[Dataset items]
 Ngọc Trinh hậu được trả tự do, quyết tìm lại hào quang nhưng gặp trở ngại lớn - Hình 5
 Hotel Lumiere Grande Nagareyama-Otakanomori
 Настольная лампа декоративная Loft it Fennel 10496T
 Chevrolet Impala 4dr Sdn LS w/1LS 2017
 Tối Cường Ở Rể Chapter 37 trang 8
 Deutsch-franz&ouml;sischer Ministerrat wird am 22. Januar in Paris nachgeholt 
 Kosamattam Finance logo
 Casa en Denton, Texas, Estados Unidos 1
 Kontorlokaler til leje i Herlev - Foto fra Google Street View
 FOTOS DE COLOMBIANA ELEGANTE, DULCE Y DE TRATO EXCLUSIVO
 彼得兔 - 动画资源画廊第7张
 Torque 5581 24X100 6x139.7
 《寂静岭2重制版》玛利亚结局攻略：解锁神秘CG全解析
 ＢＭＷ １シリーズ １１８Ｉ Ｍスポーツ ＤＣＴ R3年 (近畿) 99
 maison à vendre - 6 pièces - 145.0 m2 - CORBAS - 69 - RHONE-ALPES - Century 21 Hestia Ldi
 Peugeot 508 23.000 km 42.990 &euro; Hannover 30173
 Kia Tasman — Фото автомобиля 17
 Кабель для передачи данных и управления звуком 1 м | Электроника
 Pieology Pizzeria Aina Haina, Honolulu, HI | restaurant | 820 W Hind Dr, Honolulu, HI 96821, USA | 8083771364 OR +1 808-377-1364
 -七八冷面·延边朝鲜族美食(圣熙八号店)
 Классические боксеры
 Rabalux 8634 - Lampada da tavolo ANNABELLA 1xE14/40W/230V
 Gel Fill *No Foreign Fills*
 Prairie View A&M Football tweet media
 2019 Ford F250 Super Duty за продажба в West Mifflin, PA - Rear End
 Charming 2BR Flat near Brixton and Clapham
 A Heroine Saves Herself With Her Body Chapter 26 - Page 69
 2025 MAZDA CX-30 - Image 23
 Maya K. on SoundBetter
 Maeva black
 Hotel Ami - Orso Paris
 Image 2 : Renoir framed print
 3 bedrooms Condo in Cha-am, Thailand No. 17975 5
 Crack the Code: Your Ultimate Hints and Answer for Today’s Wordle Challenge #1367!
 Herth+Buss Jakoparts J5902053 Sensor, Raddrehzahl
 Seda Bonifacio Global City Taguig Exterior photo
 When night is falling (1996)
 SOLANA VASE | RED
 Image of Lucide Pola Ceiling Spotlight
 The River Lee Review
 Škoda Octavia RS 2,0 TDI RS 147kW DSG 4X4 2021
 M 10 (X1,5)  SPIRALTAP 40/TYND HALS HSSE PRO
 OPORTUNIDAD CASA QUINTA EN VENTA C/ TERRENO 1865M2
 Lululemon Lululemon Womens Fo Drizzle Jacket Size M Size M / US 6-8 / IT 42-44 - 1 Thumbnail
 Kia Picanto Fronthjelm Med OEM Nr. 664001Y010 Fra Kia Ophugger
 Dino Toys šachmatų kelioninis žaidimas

§ **The task**
From the records above, extract exactly and only the lines that begin at the line with "Prairie View A&M Football tweet media" and stop after the line with "OPORTUNIDAD CASA QUINTA".

§ **Written solution**
 Prairie View A&M Football tweet media
 2019 Ford F250 Super Duty за продажба в West Mifflin, PA - Rear End
 Charming 2BR Flat near Brixton and Clapham
 A Heroine Saves Herself With Her Body Chapter 26 - Page 69
 2025 MAZDA CX-30 - Image 23
 Maya K. on SoundBetter
 Maeva black
 Hotel Ami - Orso Paris
 Image 2 : Renoir framed print
 3 bedrooms Condo in Cha-am, Thailand No. 17975 5
 Crack the Code: Your Ultimate Hints and Answer for Today’s Wordle Challenge #1367!
 Herth+Buss Jakoparts J5902053 Sensor, Raddrehzahl
 Seda Bonifacio Global City Taguig Exterior photo
 When night is falling (1996)
 SOLANA VASE | RED
 Image of Lucide Pola Ceiling Spotlight
 The River Lee Review
 Škoda Octavia RS 2,0 TDI RS 147kW DSG 4X4 2021
 M 10 (X1,5)  SPIRALTAP 40/TYND HALS HSSE PRO
 OPORTUNIDAD CASA QUINTA EN VENTA C/ TERRENO 1865M2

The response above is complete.